The U.S. military has also prevented drone attacks against its forces across the country. Attacks on U.S. forces throughout the region have been a steady occurrence since the beginning of the Israel-Hamas war, with only minimal U.S. retaliation. Recently, American troops were attacked at least 4 times in both Iraq and Syria over the Thanksgiving holiday.
As the largest U.S. embassy in the world in an area growing unfriendly to the United States and vulnerable to enemy attack, some have criticized maintaining the facility that required its own power plant in the first place.
After Pompeo threatened to close the embassy, Steven Cook, a senior fellow at the Council on Foreign Relations, argued that the massive compound should have been shuttered a long time ago.

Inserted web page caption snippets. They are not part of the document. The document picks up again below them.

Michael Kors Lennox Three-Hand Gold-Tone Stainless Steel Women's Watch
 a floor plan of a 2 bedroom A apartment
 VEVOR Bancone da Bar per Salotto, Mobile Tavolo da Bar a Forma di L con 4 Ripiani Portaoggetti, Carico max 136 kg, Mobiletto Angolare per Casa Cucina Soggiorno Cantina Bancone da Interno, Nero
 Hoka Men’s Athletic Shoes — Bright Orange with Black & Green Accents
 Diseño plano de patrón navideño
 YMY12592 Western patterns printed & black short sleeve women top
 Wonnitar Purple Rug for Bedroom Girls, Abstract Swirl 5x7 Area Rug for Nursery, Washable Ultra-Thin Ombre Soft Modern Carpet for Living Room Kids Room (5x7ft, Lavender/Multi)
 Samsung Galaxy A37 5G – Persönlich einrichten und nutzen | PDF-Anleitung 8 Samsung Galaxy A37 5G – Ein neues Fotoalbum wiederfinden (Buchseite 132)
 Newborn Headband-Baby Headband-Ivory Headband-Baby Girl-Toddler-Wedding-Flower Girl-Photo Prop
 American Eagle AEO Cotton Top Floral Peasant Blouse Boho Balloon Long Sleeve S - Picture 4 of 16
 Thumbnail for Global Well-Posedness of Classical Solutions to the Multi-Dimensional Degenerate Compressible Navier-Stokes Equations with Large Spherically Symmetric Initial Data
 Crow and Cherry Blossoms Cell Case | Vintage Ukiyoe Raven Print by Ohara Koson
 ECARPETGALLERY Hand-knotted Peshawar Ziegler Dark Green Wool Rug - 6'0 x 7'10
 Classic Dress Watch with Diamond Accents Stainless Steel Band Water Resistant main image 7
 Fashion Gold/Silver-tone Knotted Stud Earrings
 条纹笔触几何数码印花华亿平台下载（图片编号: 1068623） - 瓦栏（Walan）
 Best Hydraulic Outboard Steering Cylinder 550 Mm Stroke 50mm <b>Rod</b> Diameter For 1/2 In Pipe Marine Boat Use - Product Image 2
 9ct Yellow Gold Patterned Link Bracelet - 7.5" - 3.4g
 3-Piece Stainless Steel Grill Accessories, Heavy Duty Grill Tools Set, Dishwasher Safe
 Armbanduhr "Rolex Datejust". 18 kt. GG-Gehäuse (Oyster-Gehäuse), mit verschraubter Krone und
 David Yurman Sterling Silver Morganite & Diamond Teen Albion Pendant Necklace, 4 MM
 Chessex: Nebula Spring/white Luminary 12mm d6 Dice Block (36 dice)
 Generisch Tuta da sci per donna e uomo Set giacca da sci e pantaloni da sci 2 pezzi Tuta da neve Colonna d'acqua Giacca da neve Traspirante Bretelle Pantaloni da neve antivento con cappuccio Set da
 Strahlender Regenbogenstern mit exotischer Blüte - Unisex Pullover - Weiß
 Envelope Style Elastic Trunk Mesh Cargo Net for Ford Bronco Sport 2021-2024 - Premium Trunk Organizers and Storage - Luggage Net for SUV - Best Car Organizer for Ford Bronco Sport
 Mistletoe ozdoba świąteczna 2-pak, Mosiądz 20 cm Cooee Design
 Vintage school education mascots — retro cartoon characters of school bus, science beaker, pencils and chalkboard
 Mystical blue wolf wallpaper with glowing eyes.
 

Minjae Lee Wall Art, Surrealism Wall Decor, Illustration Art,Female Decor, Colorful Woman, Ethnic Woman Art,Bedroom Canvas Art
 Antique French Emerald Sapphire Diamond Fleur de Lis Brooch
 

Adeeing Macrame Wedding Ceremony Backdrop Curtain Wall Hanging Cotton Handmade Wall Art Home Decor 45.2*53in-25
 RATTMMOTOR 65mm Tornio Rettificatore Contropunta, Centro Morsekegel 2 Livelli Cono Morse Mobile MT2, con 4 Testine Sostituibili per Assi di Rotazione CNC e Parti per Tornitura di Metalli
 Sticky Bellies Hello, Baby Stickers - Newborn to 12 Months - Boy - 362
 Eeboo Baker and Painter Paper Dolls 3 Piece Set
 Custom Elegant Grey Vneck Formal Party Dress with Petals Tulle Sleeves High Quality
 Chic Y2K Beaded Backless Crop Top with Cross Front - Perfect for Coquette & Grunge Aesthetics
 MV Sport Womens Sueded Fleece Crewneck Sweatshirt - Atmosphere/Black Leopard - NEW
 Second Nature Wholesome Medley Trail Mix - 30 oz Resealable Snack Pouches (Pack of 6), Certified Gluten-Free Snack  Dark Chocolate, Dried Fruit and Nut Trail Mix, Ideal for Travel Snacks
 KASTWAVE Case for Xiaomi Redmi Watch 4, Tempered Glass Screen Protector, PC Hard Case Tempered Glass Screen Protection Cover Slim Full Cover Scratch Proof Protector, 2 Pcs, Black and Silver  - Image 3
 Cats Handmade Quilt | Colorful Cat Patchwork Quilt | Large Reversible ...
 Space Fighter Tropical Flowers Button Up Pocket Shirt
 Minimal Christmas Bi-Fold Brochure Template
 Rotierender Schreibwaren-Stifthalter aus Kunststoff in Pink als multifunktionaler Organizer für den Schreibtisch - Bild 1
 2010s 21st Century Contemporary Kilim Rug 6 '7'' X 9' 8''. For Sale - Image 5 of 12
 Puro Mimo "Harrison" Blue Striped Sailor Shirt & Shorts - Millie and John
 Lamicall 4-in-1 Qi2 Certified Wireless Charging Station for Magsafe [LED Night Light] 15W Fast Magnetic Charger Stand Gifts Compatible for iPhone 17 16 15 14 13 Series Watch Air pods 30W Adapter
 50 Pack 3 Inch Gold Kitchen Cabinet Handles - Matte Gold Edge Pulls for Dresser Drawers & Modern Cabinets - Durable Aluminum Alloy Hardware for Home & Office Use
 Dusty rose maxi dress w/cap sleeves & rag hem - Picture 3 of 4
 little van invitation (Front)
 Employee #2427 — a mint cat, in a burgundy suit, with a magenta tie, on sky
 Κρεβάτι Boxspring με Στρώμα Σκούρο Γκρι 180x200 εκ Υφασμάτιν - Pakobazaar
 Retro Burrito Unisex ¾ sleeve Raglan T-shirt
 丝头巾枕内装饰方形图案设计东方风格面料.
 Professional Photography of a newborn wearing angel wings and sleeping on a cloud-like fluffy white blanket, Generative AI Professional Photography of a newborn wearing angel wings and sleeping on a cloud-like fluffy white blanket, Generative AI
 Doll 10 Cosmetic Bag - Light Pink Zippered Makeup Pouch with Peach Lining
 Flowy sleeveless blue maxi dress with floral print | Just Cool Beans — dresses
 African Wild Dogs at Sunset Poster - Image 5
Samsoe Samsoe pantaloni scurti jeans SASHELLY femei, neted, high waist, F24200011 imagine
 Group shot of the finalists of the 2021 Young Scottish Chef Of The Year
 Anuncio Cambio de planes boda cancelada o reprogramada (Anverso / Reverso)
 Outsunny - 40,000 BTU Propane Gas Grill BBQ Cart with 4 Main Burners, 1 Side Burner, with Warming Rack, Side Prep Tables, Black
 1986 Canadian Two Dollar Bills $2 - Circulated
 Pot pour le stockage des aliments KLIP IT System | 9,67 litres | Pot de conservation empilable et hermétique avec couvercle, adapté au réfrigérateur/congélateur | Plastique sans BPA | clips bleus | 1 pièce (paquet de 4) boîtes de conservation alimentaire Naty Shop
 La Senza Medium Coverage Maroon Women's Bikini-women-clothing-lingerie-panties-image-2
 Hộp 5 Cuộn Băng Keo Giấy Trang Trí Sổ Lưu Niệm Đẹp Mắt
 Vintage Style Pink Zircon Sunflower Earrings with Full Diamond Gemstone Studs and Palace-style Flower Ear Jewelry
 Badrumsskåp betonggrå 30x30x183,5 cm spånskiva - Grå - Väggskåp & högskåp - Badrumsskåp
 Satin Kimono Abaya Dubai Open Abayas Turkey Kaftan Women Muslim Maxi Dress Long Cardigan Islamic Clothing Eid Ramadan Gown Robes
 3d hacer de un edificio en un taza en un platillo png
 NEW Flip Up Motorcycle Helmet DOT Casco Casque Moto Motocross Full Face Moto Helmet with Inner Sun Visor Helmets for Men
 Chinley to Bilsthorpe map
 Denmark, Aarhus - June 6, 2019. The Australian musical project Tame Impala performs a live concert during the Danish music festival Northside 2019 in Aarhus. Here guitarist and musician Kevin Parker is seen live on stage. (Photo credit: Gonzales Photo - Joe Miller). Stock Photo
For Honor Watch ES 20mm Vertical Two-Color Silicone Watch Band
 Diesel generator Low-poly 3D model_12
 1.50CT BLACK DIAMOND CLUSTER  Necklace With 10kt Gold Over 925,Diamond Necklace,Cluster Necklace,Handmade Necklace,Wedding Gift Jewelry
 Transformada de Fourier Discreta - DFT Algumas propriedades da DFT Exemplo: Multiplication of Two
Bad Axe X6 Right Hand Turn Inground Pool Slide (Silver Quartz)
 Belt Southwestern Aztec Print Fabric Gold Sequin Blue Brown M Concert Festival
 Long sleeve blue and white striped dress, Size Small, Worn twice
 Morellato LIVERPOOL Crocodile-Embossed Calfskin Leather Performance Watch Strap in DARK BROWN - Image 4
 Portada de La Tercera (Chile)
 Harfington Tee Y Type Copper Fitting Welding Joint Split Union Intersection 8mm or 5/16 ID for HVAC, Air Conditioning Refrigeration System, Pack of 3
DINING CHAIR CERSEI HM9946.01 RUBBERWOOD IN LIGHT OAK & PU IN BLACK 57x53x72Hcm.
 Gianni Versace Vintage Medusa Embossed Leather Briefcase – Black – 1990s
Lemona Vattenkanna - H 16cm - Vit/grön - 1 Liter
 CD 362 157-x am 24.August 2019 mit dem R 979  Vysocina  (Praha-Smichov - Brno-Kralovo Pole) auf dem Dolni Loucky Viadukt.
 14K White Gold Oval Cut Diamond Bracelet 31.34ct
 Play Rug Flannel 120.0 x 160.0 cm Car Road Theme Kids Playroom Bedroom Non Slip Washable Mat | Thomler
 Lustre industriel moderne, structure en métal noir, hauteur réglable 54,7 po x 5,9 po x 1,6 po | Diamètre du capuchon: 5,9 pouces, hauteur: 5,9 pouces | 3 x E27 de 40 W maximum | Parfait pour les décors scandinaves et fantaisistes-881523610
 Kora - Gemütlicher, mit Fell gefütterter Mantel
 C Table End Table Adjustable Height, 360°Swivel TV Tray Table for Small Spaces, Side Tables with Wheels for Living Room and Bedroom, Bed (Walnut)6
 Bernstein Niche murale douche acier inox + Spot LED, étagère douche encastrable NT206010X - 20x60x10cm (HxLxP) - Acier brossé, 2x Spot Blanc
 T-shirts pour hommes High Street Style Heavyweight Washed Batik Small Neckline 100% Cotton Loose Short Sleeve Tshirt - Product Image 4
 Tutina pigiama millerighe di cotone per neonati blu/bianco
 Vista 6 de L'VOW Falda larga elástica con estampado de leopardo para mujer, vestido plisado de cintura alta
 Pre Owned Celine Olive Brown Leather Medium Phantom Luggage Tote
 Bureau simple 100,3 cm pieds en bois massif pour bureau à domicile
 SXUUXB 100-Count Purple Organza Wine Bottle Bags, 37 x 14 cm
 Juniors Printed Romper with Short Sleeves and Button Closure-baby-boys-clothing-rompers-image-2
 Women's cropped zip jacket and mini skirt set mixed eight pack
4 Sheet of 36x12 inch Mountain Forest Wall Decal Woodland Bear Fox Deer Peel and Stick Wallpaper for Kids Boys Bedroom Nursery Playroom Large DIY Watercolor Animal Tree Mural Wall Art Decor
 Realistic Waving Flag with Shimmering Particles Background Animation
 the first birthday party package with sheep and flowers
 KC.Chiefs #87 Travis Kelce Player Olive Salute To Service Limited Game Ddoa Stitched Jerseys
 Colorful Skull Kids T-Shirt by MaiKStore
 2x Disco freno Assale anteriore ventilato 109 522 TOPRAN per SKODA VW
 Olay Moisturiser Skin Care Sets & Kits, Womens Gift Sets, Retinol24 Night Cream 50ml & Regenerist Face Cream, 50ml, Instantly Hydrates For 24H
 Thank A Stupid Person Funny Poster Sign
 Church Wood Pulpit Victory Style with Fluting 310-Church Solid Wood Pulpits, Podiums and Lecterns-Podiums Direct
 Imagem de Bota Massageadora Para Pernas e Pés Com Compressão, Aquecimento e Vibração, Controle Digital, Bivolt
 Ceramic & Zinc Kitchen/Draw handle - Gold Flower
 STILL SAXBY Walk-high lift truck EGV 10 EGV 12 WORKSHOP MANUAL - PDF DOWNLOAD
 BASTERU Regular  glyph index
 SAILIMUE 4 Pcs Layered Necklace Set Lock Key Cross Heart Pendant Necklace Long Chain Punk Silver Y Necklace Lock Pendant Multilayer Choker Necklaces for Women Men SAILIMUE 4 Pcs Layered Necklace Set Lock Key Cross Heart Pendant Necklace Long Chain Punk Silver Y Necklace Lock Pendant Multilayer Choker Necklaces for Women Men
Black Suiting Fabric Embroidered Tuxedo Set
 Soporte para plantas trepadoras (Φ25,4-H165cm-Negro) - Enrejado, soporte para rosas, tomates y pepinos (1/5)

“To the extent that any Americans think about Iraq or the U.S. Embassy in Baghdad these days, they likely envision a building, but it is much more than that. The compound, which is only slightly smaller than Disneyland, features 20 office buildings, six apartment blocks, and various amenities for the staff, which at one time numbered 16,000. The tab for the complex’s completion was $750 million,” Cook wrote in Foreign Policy.
“It is the physical manifestation of American hubris in Iraq. And, unlike Disneyland, no dreams came true there,” Cook continued. He argued that a smaller embassy, with a less expansive—and expensive—compound would meet the United States’ security and diplomatic needs.